• **WHAT THE TASK ASKS**
Look below for the line with "runcarspic's tweet image.", then repeat it and all lines after it, exactly, minus any pictures.

• **MATERIAL FOR THE TASK**
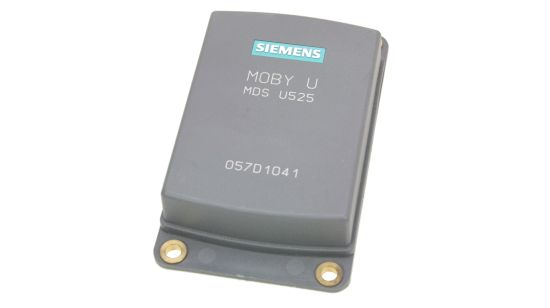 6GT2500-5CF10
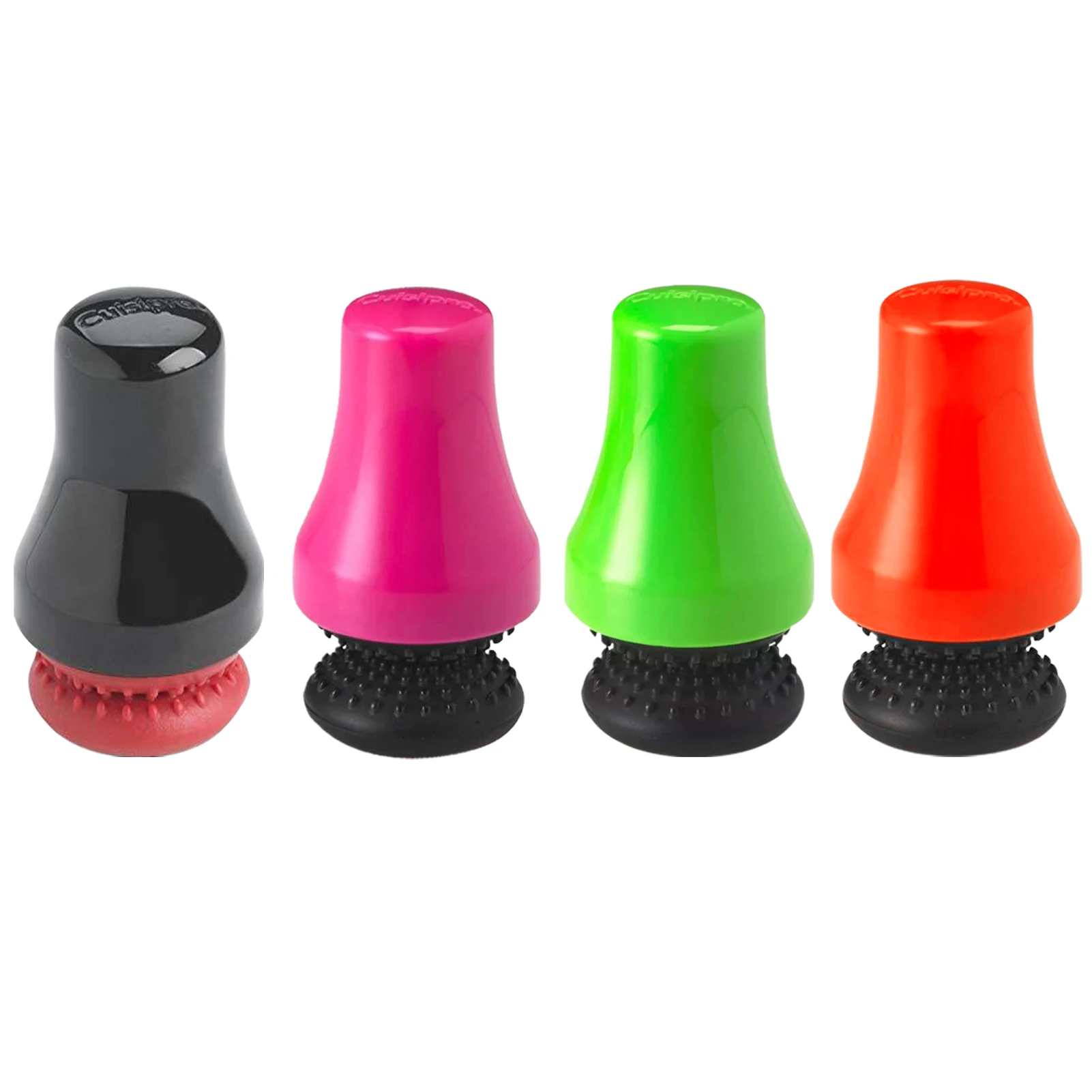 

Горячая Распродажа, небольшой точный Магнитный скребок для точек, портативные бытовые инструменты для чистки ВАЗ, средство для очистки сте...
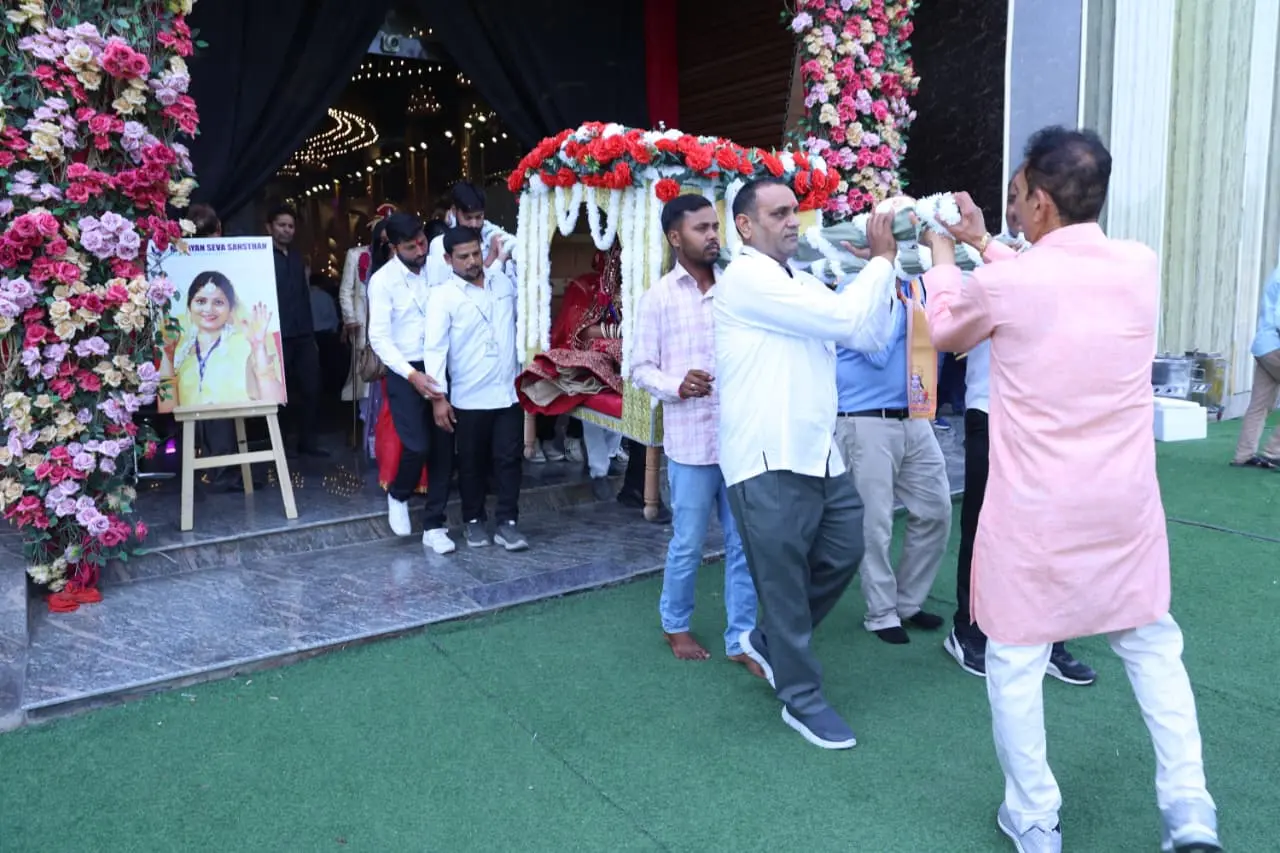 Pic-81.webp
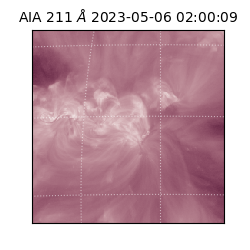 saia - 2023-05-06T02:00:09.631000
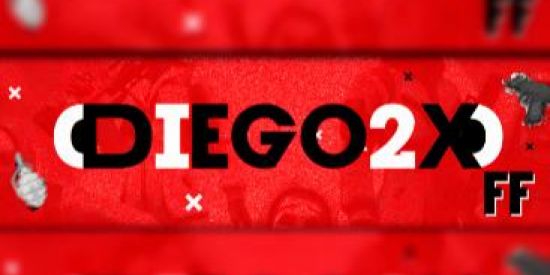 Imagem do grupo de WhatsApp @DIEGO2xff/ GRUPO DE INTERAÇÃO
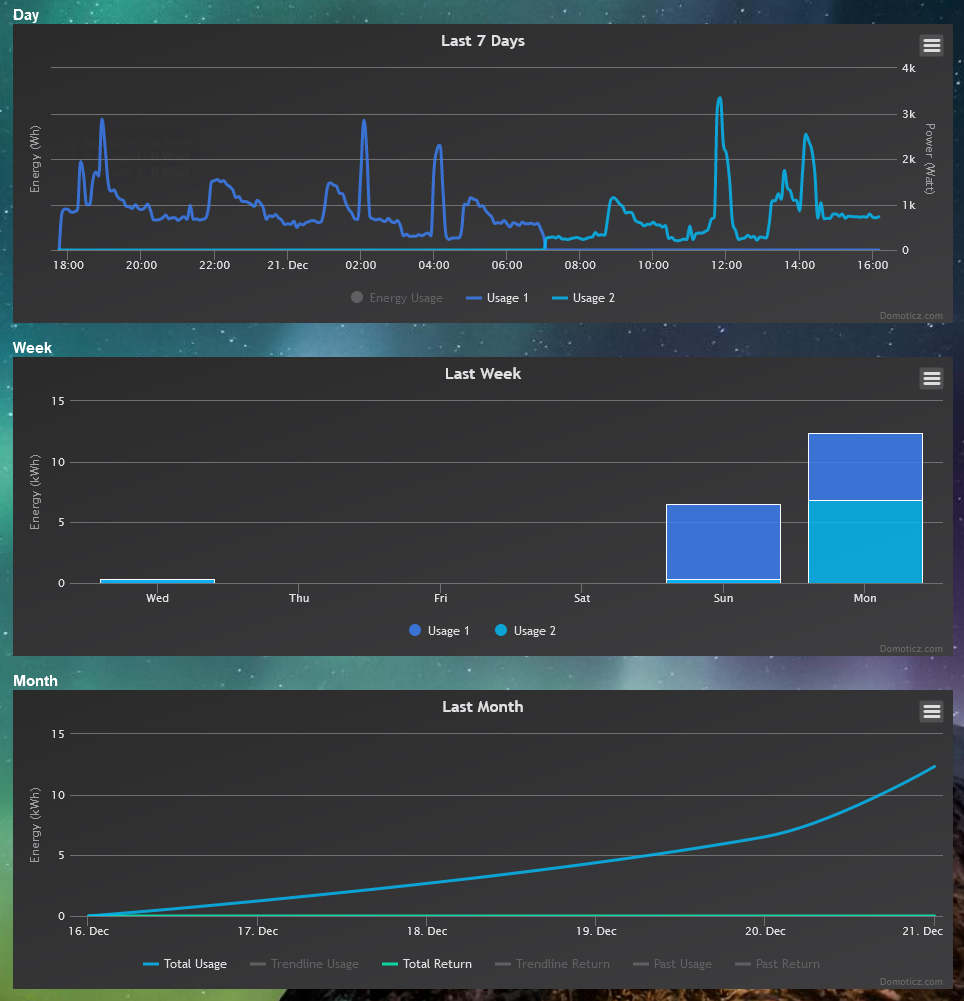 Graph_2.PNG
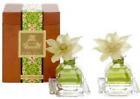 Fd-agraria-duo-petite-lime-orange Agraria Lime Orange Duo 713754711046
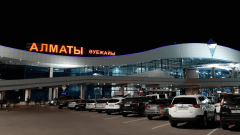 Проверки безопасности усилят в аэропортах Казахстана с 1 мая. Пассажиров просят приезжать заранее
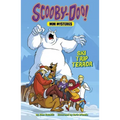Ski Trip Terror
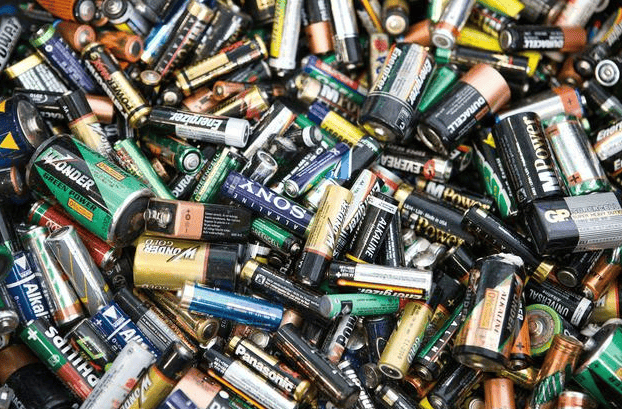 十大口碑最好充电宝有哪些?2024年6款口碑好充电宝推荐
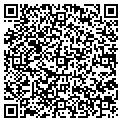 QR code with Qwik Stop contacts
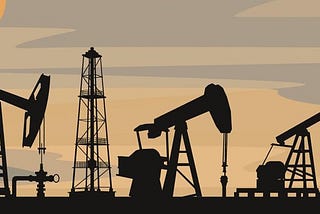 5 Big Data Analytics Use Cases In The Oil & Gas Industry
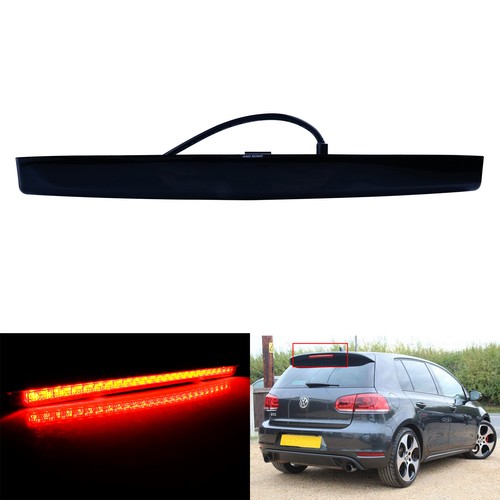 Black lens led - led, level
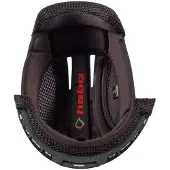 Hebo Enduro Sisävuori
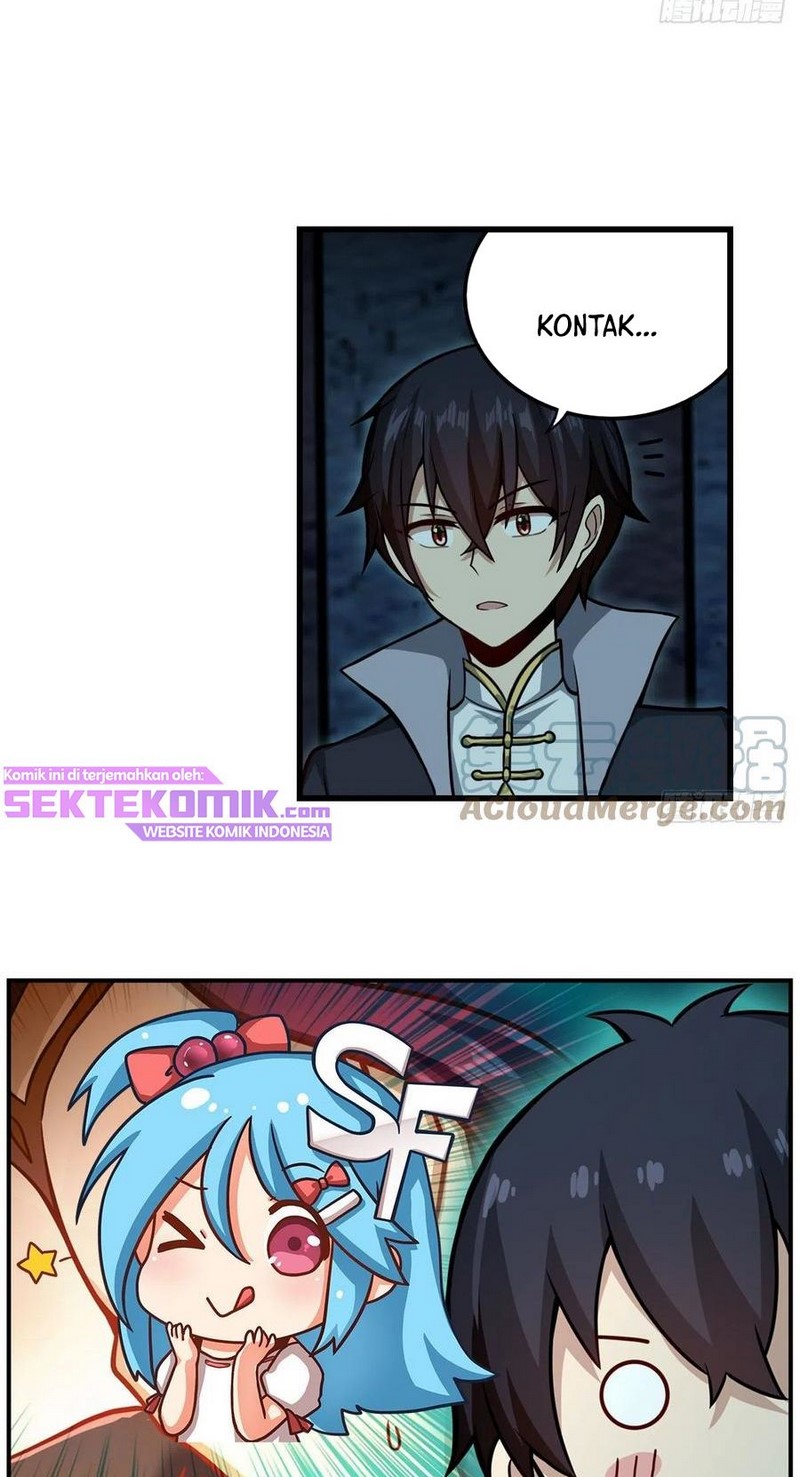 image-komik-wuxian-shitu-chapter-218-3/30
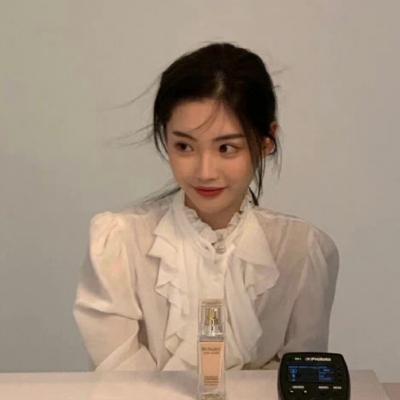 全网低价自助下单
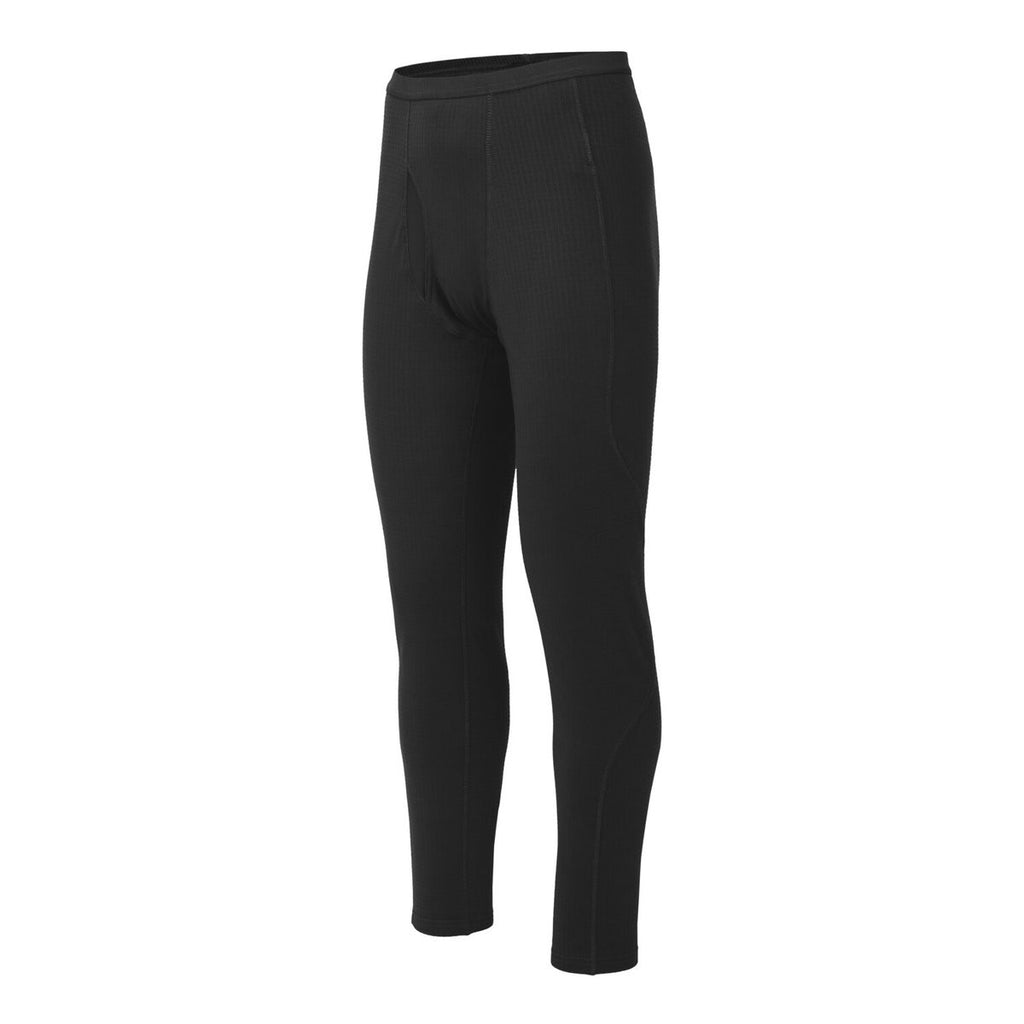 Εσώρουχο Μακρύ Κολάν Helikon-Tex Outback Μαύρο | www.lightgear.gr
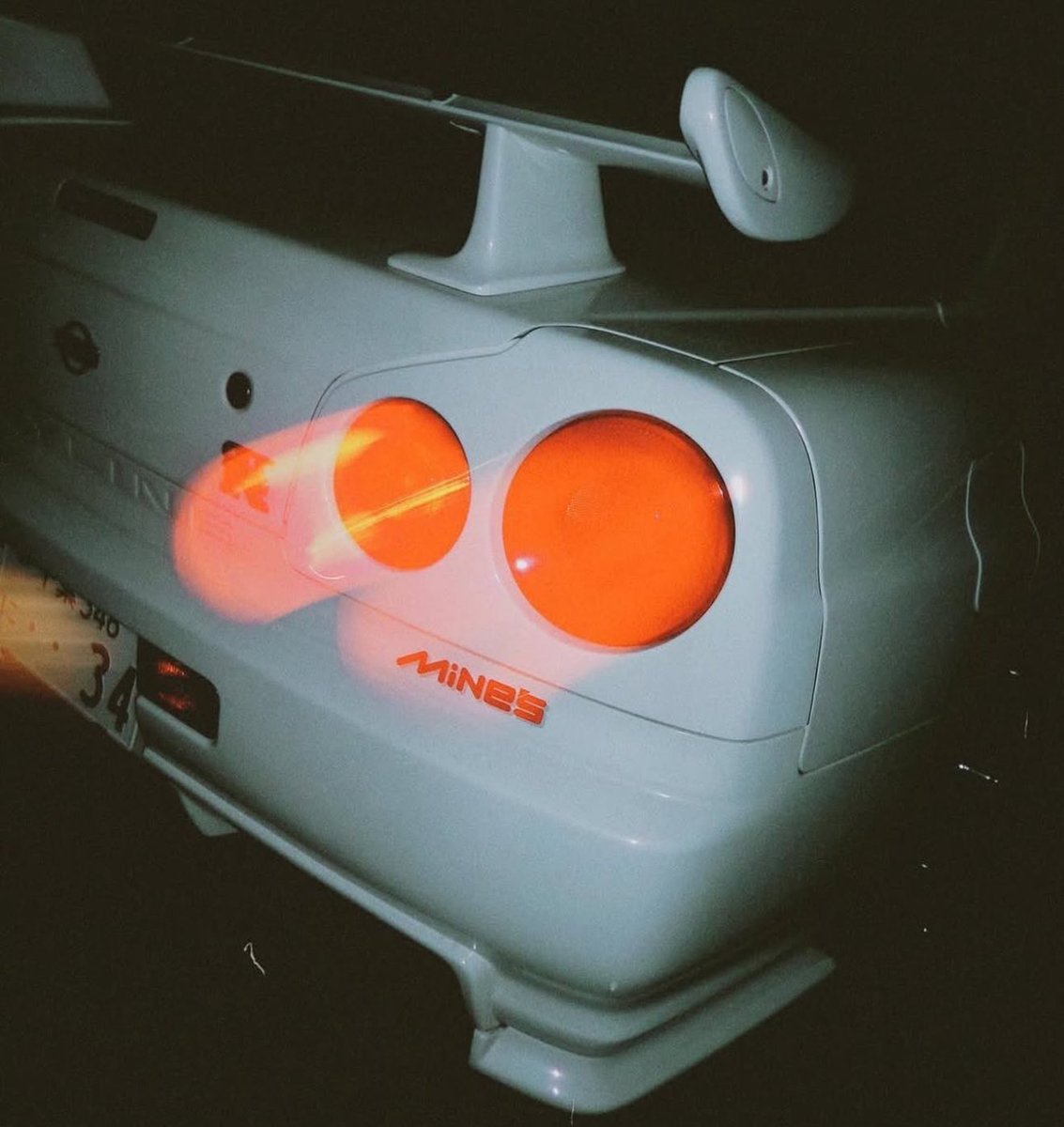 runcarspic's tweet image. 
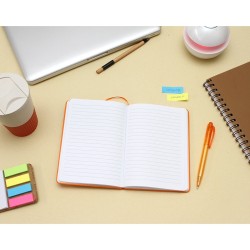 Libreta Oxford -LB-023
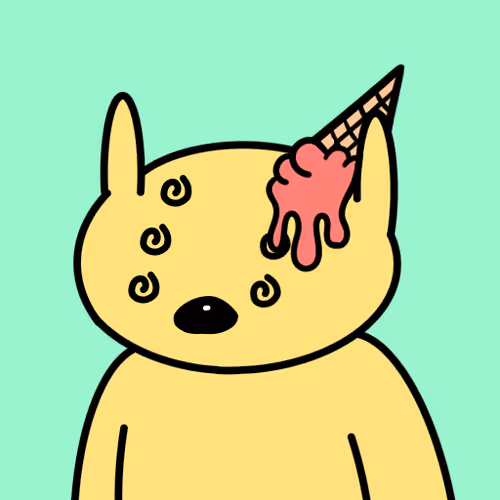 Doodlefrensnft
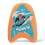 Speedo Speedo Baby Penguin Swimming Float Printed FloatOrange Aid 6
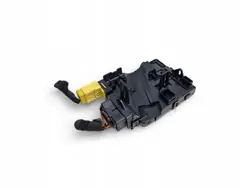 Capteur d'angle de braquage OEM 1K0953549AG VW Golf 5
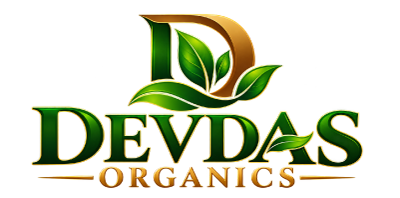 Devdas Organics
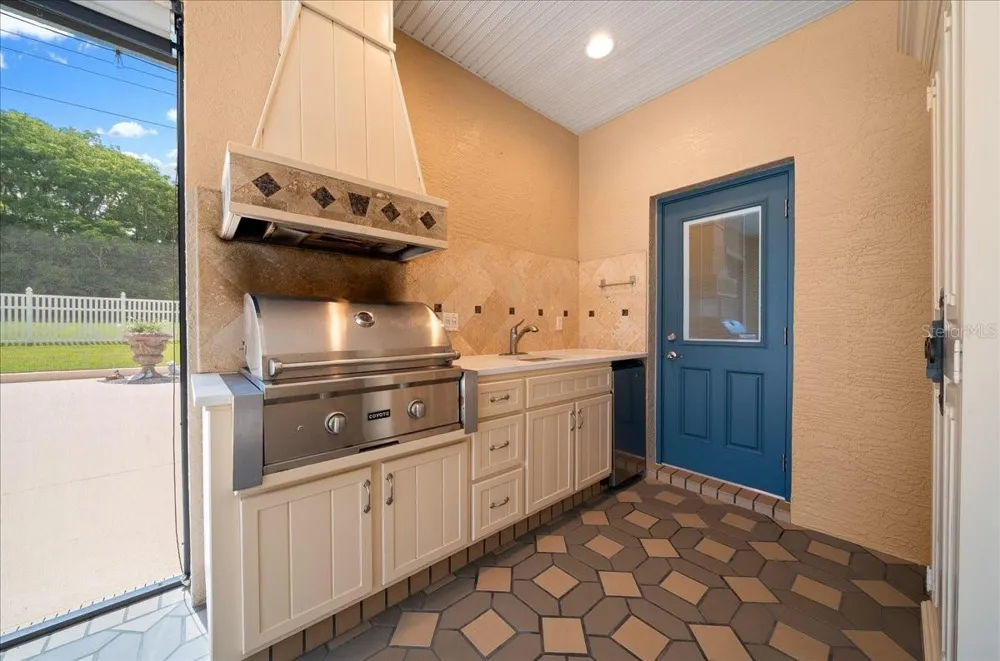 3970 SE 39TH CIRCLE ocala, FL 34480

• **FINAL ANSWER**
 runcarspic's tweet image. 
 Libreta Oxford -LB-023
 Doodlefrensnft
 Speedo Speedo Baby Penguin Swimming Float Printed FloatOrange Aid 6
 Capteur d'angle de braquage OEM 1K0953549AG VW Golf 5
 Devdas Organics
 3970 SE 39TH CIRCLE ocala, FL 34480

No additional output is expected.